Exercise aim ▸
Extract, unchanged, every line from the top of the material below through the line with "The Banishment Of", and no more.

Given entries ▸
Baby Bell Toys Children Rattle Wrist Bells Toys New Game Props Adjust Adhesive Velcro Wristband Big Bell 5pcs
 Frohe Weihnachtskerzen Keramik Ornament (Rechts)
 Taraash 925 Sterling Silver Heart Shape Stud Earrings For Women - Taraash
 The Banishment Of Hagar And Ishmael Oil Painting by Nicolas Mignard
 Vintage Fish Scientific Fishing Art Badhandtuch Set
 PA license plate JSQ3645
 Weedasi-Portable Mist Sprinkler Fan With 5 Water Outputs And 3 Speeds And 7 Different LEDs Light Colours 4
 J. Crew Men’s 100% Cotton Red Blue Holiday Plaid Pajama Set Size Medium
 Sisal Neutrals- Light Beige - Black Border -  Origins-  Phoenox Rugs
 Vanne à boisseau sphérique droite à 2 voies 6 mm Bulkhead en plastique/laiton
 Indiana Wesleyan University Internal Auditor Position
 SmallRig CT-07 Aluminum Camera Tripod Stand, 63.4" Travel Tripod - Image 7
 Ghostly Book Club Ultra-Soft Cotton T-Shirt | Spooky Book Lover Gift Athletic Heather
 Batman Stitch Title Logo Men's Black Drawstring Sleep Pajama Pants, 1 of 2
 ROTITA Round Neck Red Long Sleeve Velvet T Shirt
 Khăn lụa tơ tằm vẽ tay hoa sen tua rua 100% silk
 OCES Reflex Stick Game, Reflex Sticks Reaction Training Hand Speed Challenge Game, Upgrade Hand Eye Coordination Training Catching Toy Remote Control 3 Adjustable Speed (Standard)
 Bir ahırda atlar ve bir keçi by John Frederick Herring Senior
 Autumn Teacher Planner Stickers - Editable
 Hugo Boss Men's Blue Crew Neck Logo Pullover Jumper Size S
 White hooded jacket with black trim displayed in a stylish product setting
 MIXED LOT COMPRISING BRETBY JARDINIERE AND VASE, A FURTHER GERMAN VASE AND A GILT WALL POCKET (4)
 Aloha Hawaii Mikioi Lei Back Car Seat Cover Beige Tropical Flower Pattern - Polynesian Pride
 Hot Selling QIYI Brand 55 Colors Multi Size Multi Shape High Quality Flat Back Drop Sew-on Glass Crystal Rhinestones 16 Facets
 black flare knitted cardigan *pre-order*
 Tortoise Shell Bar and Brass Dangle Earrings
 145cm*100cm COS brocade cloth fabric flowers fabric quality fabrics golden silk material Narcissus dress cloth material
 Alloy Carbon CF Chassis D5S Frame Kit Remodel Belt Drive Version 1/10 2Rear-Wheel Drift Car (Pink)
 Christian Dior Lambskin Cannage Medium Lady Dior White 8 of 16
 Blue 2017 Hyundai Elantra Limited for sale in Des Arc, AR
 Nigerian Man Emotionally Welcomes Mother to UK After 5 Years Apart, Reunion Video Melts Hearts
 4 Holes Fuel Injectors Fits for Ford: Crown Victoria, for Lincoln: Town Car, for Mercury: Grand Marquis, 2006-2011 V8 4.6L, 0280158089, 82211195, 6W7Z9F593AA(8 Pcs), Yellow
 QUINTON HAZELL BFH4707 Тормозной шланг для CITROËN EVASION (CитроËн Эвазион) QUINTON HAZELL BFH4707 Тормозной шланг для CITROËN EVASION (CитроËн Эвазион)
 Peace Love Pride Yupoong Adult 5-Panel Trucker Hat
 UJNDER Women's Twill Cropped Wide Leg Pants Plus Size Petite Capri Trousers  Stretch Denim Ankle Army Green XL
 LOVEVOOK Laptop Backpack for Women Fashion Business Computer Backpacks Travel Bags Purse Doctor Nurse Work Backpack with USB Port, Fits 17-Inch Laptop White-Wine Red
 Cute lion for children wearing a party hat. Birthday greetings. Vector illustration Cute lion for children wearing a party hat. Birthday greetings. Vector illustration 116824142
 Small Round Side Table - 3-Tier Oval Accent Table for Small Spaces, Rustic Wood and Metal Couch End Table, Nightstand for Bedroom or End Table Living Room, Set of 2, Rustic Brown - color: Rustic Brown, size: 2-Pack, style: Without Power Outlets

Result below ▸
Baby Bell Toys Children Rattle Wrist Bells Toys New Game Props Adjust Adhesive Velcro Wristband Big Bell 5pcs
 Frohe Weihnachtskerzen Keramik Ornament (Rechts)
 Taraash 925 Sterling Silver Heart Shape Stud Earrings For Women - Taraash
 The Banishment Of Hagar And Ishmael Oil Painting by Nicolas Mignard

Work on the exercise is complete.